Serbian leaders under pressure over arms deals revelations

25,000 Serbs sign petition to demand whistleblower’s release from house arrest

Serbian president Aleksandar Vucic:  Opposition parties say the scandal shows how graft and cronyism have flourished under Mr Vucic. Photograph: Costas Baltas/Reuters
Serbian president Aleksandar Vucic: Opposition parties say the scandal shows how graft and cronyism have flourished under Mr Vucic. Photograph: Costas Baltas/Reuters

Serbian authorities are under pressure to end the house arrest of a whistleblower who exposed shady arms deals allegedly involving the father of interior minister Nebojsa Stefanovic, a close ally of president Aleksandar Vucic.
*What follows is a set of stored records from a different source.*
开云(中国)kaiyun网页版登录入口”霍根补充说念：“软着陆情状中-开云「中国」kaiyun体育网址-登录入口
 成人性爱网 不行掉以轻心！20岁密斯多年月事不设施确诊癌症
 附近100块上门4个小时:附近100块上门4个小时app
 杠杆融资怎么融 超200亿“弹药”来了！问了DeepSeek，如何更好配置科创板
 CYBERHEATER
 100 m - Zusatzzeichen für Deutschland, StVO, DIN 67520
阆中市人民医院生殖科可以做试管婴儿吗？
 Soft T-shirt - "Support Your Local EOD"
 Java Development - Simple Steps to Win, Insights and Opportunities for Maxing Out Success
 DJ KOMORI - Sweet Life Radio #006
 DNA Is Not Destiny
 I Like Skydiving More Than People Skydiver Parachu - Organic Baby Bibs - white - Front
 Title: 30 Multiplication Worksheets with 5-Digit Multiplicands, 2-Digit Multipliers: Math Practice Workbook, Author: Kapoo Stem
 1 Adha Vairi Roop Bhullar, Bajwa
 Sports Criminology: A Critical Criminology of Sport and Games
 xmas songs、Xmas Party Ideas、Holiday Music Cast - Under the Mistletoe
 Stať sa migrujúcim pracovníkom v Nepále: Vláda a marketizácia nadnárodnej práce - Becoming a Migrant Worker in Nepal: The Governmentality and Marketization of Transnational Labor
Aleksandar Obradovic was arrested in September after leaking documents that appeared to show that a firm linked to Branko Stefanovic was securing cut-price weapons for resale from a state-owned Serbian arms maker called Krusik.

Amid protests and civil society outrage, Mr Obradovic was freed from detention in October, and on Monday activists delivered a petition with 25,000 signatures to the Serbian prosecutor’s office demanding his release from house arrest. The high court in Belgrade will rule on his further detention on Wednesday.

Police accuse Mr Obradovic of leaking trade secrets from Krusik, while Mr Vucic has said he is not a whistleblower but part of opposition attacks on the government, and Serbian defence minister Aleksandar Vulin has dubbed him a spy.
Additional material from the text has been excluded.